Plusieurs raisons peuvent expliquer une carence en fer :

  • Régime alimentaire inadéquat : Une carence en fer peut résulter d’un régime alimentaire inadapté. C’est souvent le cas chez les bébés et les jeunes enfants qui ont besoin de plus de fer pour leur croissance. Les adolescentes sont aussi confrontées à ce phénomène en raison de leurs menstruations, qui s’ajoutent aux besoins en fer durant leur croissance. Enfin, la carence en fer est aussi fréquente chez les femmes enceintes car le fœtus nécessite beaucoup de fer pour son développement. Jusqu’à 40 % des femmes en âge de procréer ont un taux de ferritine sérique inférieur à 30 g/l, ce qui traduit l’effondrement de leurs réserves en fer. Les régimes végétariens, qui excluent le fer héminique, favorisent les carences en fer chez les femmes réglées, mais pas de façon très significative si la diététique reste équilibrée.

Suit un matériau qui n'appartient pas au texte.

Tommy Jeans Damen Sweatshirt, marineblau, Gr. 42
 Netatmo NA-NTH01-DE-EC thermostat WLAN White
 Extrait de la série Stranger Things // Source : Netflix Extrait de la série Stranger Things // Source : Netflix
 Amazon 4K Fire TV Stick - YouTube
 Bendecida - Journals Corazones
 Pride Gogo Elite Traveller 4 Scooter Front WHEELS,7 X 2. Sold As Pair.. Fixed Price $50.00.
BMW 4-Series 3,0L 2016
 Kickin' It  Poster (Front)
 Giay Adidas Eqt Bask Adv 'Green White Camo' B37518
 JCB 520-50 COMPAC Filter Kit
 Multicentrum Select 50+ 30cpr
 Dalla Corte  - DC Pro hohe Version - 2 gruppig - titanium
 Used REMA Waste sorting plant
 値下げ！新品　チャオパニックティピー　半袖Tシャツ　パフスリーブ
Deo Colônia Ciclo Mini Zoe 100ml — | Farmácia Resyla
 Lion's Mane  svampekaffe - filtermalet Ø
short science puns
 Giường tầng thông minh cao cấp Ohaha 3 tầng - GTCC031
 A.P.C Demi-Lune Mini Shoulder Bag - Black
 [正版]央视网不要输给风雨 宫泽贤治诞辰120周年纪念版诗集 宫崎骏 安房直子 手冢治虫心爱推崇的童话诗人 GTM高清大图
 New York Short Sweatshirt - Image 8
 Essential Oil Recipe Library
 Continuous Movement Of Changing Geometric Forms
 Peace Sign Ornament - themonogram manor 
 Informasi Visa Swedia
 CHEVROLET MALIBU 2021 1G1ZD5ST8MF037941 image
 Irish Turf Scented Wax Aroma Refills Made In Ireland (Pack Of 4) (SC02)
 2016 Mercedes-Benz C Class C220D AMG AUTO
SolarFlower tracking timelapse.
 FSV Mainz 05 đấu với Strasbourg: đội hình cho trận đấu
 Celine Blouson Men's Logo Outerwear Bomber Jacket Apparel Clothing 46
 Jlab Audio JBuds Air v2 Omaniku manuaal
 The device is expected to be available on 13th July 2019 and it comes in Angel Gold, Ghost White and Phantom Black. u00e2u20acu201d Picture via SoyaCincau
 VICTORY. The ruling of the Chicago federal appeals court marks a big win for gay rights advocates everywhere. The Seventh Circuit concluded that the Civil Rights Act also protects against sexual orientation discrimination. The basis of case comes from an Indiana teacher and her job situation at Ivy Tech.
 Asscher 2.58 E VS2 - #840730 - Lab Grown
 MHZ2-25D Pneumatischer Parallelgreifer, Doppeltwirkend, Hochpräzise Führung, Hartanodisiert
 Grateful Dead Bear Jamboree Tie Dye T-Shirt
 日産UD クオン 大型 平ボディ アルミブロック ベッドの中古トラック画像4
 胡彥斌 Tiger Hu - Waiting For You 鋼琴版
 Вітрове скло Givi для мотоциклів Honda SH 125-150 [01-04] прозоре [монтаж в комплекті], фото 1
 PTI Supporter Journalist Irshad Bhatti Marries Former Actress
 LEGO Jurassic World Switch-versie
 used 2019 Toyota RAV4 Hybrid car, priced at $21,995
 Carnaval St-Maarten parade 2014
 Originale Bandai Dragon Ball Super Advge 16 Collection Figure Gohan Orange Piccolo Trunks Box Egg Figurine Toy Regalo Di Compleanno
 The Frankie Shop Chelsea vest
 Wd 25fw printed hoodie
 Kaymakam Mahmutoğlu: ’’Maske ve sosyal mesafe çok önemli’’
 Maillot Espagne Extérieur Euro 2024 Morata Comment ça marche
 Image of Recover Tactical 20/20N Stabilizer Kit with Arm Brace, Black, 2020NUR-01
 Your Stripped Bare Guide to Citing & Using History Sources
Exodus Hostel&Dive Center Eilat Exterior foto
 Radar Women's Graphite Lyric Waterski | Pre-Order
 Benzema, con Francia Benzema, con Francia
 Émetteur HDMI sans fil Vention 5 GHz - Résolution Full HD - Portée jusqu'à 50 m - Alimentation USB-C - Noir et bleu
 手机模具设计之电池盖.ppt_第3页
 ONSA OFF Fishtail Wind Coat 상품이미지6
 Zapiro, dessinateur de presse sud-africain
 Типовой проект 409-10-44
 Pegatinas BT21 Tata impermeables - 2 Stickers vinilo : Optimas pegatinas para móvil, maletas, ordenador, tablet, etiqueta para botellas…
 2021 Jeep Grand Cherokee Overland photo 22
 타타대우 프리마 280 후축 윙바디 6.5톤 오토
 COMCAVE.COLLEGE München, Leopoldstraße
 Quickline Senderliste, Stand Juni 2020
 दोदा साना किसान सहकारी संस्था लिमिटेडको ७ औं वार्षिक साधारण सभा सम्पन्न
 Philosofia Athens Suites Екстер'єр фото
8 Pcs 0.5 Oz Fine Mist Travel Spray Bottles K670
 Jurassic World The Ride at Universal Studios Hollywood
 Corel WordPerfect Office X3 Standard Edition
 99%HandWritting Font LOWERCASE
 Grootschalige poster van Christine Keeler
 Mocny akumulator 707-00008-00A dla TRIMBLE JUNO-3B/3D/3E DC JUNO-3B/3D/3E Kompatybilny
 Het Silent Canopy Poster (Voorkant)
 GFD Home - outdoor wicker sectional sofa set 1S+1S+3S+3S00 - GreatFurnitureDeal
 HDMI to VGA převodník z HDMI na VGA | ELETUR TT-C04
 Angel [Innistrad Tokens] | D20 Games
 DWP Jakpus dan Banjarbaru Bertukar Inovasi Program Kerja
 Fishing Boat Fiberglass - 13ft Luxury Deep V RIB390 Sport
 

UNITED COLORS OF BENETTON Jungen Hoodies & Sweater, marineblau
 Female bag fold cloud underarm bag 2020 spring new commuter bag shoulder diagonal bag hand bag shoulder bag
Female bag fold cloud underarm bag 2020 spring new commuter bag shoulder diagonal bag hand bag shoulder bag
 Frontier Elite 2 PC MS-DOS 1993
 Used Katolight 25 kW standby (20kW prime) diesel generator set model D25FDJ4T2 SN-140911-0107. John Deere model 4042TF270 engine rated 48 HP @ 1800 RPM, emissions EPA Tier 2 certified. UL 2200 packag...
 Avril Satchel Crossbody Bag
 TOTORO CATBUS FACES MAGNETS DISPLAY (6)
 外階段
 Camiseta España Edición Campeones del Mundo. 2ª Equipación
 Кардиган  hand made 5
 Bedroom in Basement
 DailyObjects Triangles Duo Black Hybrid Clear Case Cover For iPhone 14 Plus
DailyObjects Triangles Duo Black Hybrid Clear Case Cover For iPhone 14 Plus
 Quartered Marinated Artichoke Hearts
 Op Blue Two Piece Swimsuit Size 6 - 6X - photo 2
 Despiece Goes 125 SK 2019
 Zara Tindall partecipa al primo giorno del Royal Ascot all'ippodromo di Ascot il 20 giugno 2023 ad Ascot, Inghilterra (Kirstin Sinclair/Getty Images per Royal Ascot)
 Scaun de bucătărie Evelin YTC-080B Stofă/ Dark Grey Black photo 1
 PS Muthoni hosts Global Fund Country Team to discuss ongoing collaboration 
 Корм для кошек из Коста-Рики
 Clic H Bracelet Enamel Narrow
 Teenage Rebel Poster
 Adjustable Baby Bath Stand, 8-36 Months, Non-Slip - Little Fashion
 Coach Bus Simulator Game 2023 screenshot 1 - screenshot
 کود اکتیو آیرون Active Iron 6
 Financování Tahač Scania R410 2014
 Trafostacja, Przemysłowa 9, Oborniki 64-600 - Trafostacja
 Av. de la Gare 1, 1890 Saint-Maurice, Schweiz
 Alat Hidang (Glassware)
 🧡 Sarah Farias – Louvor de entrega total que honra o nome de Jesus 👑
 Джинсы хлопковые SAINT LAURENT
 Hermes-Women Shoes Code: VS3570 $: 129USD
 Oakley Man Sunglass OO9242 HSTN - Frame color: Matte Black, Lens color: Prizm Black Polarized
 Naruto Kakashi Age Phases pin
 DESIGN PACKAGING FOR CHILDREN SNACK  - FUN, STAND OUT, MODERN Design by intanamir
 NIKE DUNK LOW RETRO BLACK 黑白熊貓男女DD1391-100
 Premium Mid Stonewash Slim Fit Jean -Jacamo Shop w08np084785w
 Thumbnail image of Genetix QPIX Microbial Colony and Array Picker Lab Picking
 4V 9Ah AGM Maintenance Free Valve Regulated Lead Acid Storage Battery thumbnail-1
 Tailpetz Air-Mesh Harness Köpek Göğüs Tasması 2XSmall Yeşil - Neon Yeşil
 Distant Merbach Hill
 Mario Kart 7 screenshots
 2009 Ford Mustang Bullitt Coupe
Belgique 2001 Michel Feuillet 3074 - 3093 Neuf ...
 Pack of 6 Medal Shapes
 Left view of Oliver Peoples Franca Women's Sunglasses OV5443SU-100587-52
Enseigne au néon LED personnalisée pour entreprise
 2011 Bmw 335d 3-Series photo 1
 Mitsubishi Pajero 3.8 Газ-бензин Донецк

A contrario, recommander une alimentation riche en viande est délicate du fait du risque associé de cancers colorectaux, sans parler des émissions de CO2 liées à la production de viande.
  • Troubles d’absorption : On peut aussi souffrir d’une carence en fer en raison d’un trouble d’absorption par l’intestin grêle. On parle alors de troubles de malabsorption. Dans l’insuffisance cardiaque, les taux d’hepcidine (protéine « positive » de l’inflammation) sont élevés conduisant à une diminution de l’absorption intestinale du fer et à sa séquestration dans les macrophages.
  • Pertes sanguines : Chez les femmes adultes, les règles peuvent être à l’origine d’une carence en fer. L'abondance du flux menstruel (avec ou sans cause organique) peut donc être responsable d'une carence en fer. La carence martiale non anémique est fréquente (50 % des femmes avec ménorragies). Dans les pays à faible niveau de revenu, l’anémie ferriprive est présente chez plus de 50 % des femmes enceintes au troisième trimestre de leur grossesse. Dans les pays « riches », l’anémie ferriprive est plus rare en fin de grossesse (22 % des cas dans une étude récente en France).
  • Grossesse : Pendant sa grossesse, ses besoins en fer sont plus élevés : il faut d’abord couvrir les besoins de son propre organisme, dont le volume sanguin augmente. Il faut également répondre aux besoins en fer liés à la croissance et au développement du fœtus, et au fonctionnement du placenta. Ainsi, plus la grossesse évolue et plus les mois passent, plus les besoins en fer augmentent. Si 1 mg de fer par jour suffit au 1er trimestre, la femme enceinte a besoin de 8 mg de fer au 3ème trimestre !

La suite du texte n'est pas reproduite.